5.3 Features of projectile motion (application)

Problem : The speed of a particle, projected at 60°, is 20 m/s at the time of projection. Find the time interval for projectile to loose half its initial speed.

Solution : Here, we see that final and initial speeds (not velocity) are subject to given condition. We need to use the given condition with appropriate expressions of speeds for two instants.

$$u=\sqrt{\left(u_x^2+u_y^2\right)}$$

$$v=\sqrt{\left(v_x^2+v_y^2\right)}$$

According to question,

$$u=2v$$

$$\Rightarrow u^2=4v^2$$

$$\Rightarrow u_x^2+u_y^2=4\left(v_x^2+v_y^2\right)$$

But, horizontal component of velocity remains same.

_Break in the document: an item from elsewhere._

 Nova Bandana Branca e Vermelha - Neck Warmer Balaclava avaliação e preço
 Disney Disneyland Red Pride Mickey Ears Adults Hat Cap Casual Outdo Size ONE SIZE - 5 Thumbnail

Hence,

$$\Rightarrow u_x^2+u_y^2=4\left(u_x^2+v_y^2\right)$$

Rearranging for vertical velocity :

$$v_y^2=u_y^2-3u_x^2={\left(20\sin {60}^0\right)}^2-3X{\left(20\cos {60}^0\right)}^2$$

$$v_y^2=20X\frac{3}{4}-3X20X\frac{1}{4}=0$$

The component of velocity in vertical direction becomes zero for the given condition. This means that the projectile has actually reached the maximum height for the given condition. The time to reach maximum height is half of the time of flight :

$$t=\frac{u\sin \theta }{g}=\frac{20X\sin {60}^0}{10}=\sqrt{3}s$$

Problem : A man can throw a ball to a greatest height denoted by "h". Find the greatest horizontal distance that he can throw the ball (consider g = 10 $m/s^2$ ).

Solution : The first part of the question provides the information about the initial speed. We know that projectile achieves greatest height in vertical throw. Let "u" be the initial speed. We can, now, apply equation of motion " $v^2=u^2+2gy$ " for vertical throw. We use this form of equation as we want to relate initial speed with the greatest height.

Here, v = 0; a = -g

$$\begin{array}{l}\Rightarrow 0=u^2-2gh\\ u^2=2gh\end{array}$$

The projectile, on the other hand, attains greatest horizontal distance for the angle of projection, θ = 45°. Accordingly, the greatest horizontal distance is :

$$\begin{array}{l}{R}_{\max }=\frac{u^2\sin 2X\mathrm{45°}}{g}=\frac{u^2\sin \mathrm{90°}}{g}=\frac{u^2}{g}=\frac{2gh}{g}=2h\end{array}$$